━━━ Data supplied
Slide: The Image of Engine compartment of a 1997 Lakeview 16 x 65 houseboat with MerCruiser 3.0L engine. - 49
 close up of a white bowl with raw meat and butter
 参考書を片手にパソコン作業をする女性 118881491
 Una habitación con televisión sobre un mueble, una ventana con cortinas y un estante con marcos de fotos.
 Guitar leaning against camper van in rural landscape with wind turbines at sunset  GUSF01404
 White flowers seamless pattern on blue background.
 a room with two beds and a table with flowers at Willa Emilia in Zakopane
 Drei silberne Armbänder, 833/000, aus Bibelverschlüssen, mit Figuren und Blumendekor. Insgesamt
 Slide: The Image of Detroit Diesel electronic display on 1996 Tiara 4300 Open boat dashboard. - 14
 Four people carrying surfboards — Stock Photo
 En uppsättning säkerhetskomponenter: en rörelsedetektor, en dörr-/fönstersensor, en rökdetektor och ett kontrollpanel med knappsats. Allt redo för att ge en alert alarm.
━━━━━━
- Problem statement
Take every line from the data above that holds "Image" and copy it out.

- Worked solution
Slide: The Image of Engine compartment of a 1997 Lakeview 16 x 65 houseboat with MerCruiser 3.0L engine. - 49
 Slide: The Image of Detroit Diesel electronic display on 1996 Tiara 4300 Open boat dashboard. - 14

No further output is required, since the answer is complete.